Ceci est incompatible avec le gouvernement despotique. Car, si ceux qui n'ont pas un emploi actuel avoient néanmoins des prérogatives et des titres, il y auroit dans l'État des hommes grands par eux-mêmes; ce qui choqueroit la nature de ce gouvernement.

Que si le gouverneur d'une ville étoit indépendant du bacha, il faudroit tous les jours des tempéraments pour les accommoder; chose absurde dans un gouvernement despotique. Et, de plus, le gouverneur particulier pouvant ne pas obéir, comment l'autre pourroit-il répondre de sa province sur sa tête?

Dans ce gouvernement l'autorité ne peut être balancée; celle du moindre magistrat ne l'est pas plus que celle du despote. Dans les pays modérés, la loi est partout sage, elle est partout connue, et les plus petits magistrats peuvent la suivre. Mais dans le despotisme, où la loi n'est que la volonté du prince, quand le prince seroit sage, comment un magistrat pourroit-il suivre une volonté qu'il ne connoît pas?
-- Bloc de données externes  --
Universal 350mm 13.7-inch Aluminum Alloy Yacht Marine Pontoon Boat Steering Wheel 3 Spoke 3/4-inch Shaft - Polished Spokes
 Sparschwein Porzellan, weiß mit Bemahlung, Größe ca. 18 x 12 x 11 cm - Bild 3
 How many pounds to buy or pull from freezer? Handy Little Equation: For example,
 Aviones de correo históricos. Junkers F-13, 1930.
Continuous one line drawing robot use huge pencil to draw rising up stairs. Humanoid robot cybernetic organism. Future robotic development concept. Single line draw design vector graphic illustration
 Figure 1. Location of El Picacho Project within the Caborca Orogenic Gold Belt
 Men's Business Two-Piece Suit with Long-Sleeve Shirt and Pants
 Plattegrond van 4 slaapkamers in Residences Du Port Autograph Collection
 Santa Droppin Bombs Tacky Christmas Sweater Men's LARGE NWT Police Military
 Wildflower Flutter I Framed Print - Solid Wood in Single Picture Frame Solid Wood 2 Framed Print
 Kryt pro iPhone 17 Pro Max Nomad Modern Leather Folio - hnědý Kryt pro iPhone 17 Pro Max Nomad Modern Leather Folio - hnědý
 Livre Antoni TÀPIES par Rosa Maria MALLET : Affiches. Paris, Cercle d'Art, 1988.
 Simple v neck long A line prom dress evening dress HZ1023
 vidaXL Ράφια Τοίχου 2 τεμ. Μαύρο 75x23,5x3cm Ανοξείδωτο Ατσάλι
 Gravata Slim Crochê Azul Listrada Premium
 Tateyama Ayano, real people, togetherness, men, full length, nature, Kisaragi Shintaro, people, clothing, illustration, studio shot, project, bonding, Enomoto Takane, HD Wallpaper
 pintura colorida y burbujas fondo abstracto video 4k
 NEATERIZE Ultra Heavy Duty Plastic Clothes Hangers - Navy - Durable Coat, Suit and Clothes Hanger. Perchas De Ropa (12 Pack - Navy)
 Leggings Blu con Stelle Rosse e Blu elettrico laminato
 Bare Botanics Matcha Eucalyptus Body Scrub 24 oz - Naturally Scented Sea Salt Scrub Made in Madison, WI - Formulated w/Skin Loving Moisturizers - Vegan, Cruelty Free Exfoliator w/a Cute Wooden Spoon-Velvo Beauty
Il faut qu'il suive la sienne.

Il y a plus c'est que la loi n'étant que ce que le prince veut, et le prince ne pouvant vouloir que ce qu'il connoît, il faut bien qu'il y ait une infinité de gens qui veuillent pour lui et comme lui.

Enfin, la loi étant la volonté momentanée du prince, il est nécessaire que ceux qui veulent pour lui, veuillent subitement comme lui.